### EXERCISE
The response should contain all of the records, copied exactly, and none of the images.

### INPUT
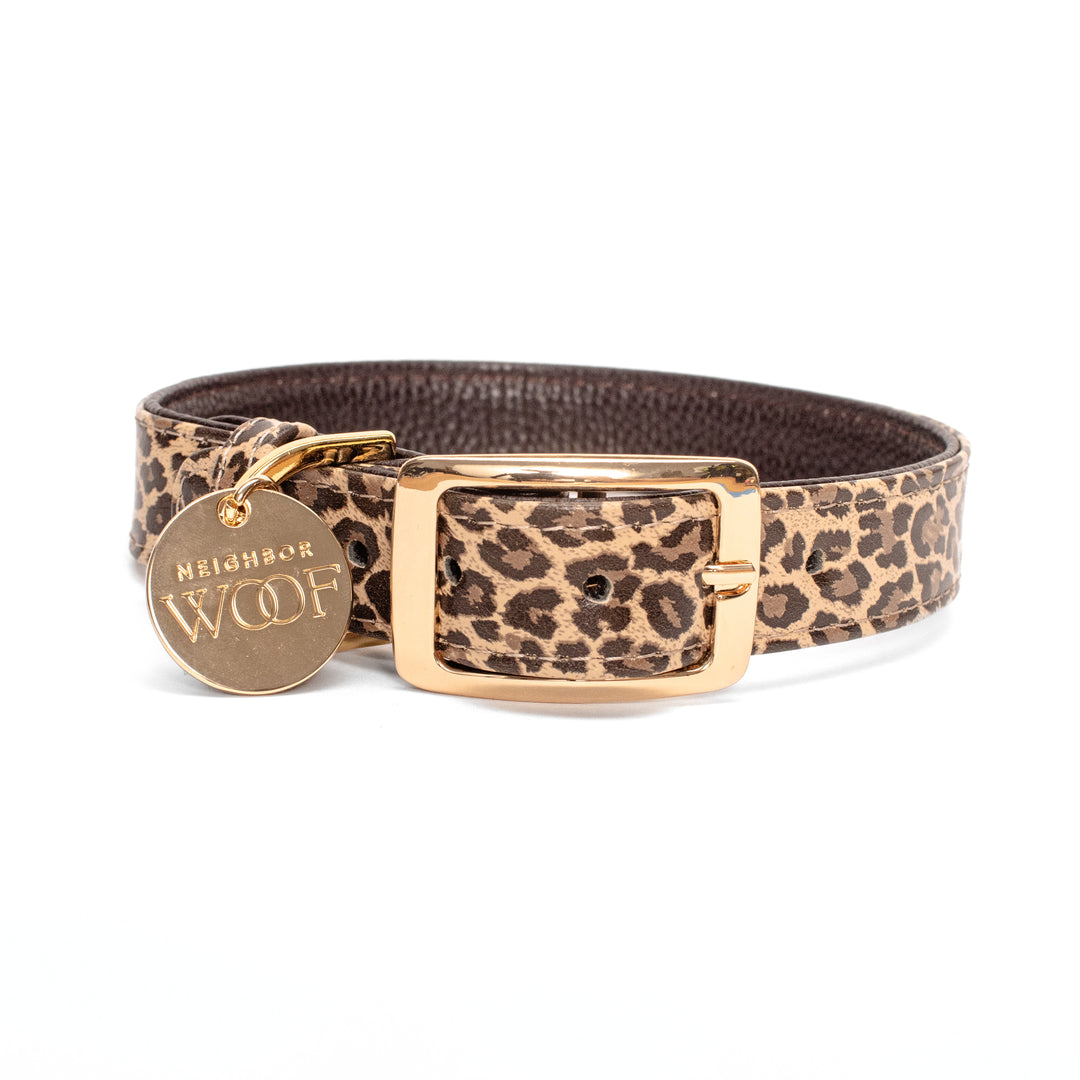 Leopard Print Dog Collar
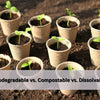 Biodegradable VS Compostable VS Dissolvable: What’s the Real Difference?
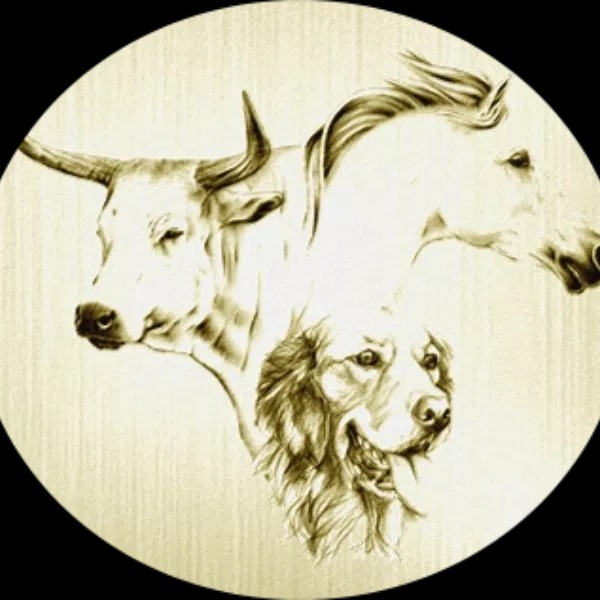 photo cabinet Etiopathe Animalier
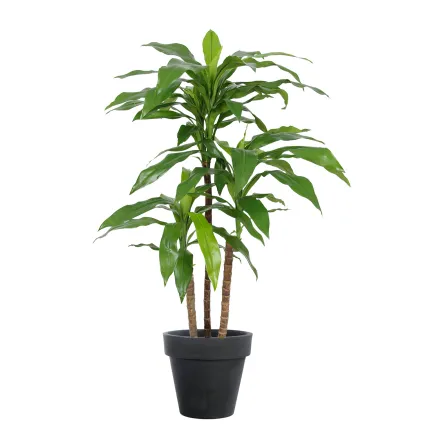DRACENA artificiel (ou DRACAENA) FRAGRANS Janet Craig  95 cm en pot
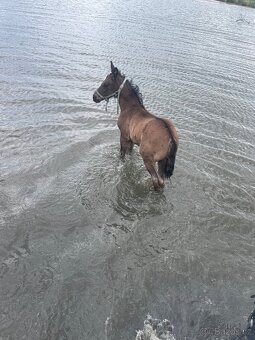 Welsh part bred - 10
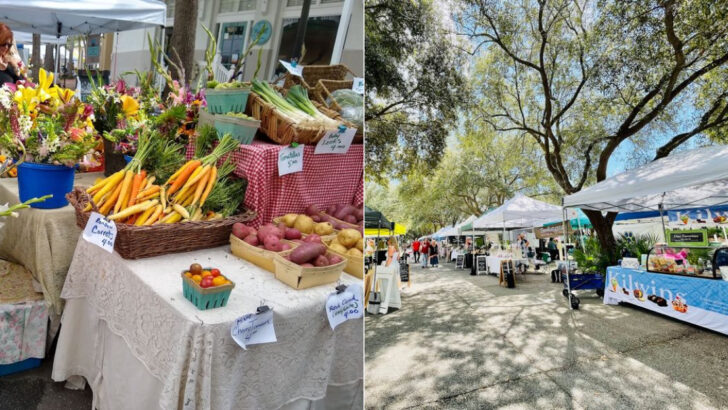 13 Florida Farmers Markets Where Bargain Hunters And Food Lovers Both Win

### WRITTEN ANSWER
 Leopard Print Dog Collar
 Biodegradable VS Compostable VS Dissolvable: What’s the Real Difference?
 photo cabinet Etiopathe Animalier
DRACENA artificiel (ou DRACAENA) FRAGRANS Janet Craig  95 cm en pot
 Welsh part bred - 10
 13 Florida Farmers Markets Where Bargain Hunters And Food Lovers Both Win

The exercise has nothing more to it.